Por nuestro bien decidí irnos a vivir a la casa que construimos hace algunos años en la isleta. Gissela estaba en sus años mozos, ese cuando las muchachitas se sienten con la juventud cargada para tener un novio. Nunca me gustó el agua y mucho menos viajar en lancha. Mi espeso tenía ese sueño estúpido de vivir en una isla y desde que esta allá ocupado en su otra vida no se acuerda de este lugar. Quizás soy una vieja antipática, pero he sufrido fingiendo amar a una hija que siempre quise abortar. Gissela era guapa como las hermanas de mi marido, blanquita y con hoyuelos en sus mejillas.
Paradas frente al lago pude pronosticar lo aburrida que sería la estadía. Mi relación con mi hija Gissela no fue de las mejores. Ella parecía olvidadada de su realidad, flotando en sus libros e historias. Sus ojos me dijeron que no se encontraba bien sola.
Toco esperar esos meses a que las cosas cambiaran en el país. Tuvimos que huir luego de eso dos meses, corriendo por nuestra vida. La guerra Nacional se cirnio en Nicaragua. Yo tuve la certeza de que esos muchachos harían otro golpe de estado y así lo hicieron.
Me acerque a Gissela y le pregunte algo sin importancia. Ella no me contesto. Vi la lejanía. Aquel horizonte donde las aguas del Cocibolca se unían con el cielo. Cuando estuve sentada en la lancha imagine como hubiese sido el destino sin mi hija. Gissela no tuviera dieciséis años y yo sería una mujer adulta sin hijas a las cuales tener que adivinar lo que ocultan sus silencios.
Pero, una vieja de cincuenta y tantos años ,como yo, no podía buscar opciones. Ni quiera volverse a enamorar. Era verano lo sabía. En esa época me gustó estar aislada sin saber nada de los hombres y sus perversidades. La realidad es que lo masculino me daba asco y al único que podía tolerar era a mi marido.
La casa estaba igual. El diván blanco en la sala. Las ventanas con vista al oeste no tenían puesta las cortinas que les puse la última vez que vine. Alguien nos esperaba.
—¿Cómo está Danelia? Pregunté. A mí me gusta preguntar, si uno no preguntara o hablara sería un torpe.
Estoy consciente que mi hija odia esa parte de mí. Sus silencios me parecen absurdos.
—Me toco venir desde temprano, señora.
Me dijo, Danelia, alegre. Tenía más edad que yo y más espíritu de querer vivir.
—¿Nos puede hacer un café? Seguía haciendo interrogantes frías sin nada de cálido.

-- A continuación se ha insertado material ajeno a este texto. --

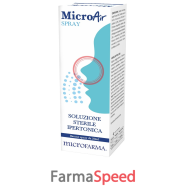 micro air spray 20ml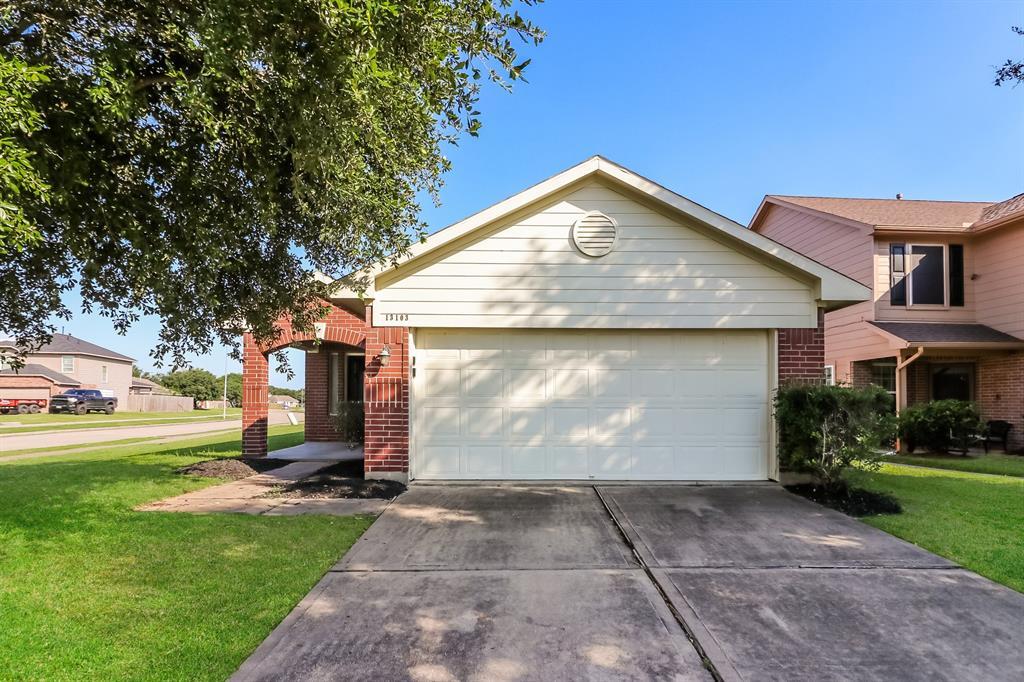 Foto principal - 13103 Ridgewood Knoll Ln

Danelia asintió. Su cara se borró entre mis memorias, así como el día en que ya no se hizo cargo de cuidar la isla. Danelia se trababa al hablar. La mayoría de las veces iba a la casa solo a limpiarla y luego se devolvía a un barrio de Granada.
Gissela no lo recordaría. Tenía cuatro meses de nacida cuando vinimos a pasar vacaciones en esa misma casa. Me ponía vestidos bonitos en aquel tiempo y quizás estaba más joven. Apestaba a leche materna y eso lo deteste, aunque hacia un esfuerzo por no darlo a aparentar. El tiempo me gasto con esa brutal mano que tiene para gastar las cosas. Jamás me di cuenta en que momento dejé de amar y me convertí en este ser atribulado carente de amor.
—¿Tenes algún novio o no sé? Recuerdo que una vez le pregunté, casi con vergüenza.
—No.
Me contesto con desgano. Gissela suponía que yo sabía la respuesta. Nunca la dejé salir con ningún muchacho.
—¿Dónde voy a dormir?
Gissela se puso frente a los cuartos y vuelve a ser una chavala con aquel vestido simple y la diadema que llevaba puesta.
—En el del ala derecha, hace menos calor. Hay dos ventanas grandes ahí.
—Aquel lugar me gusta para leer.
Y señaló la plataforma que estaba detrás de la casa. La ventana de mi cuarto daba vista hacia aquel lugar. Lo habían construido para tomar el sol y yo nunca lo use.
Mi hija había perdido el color desde que dejamos la ciudad. Hablaba con monosílabos y a duras penas interactuaba conmigo.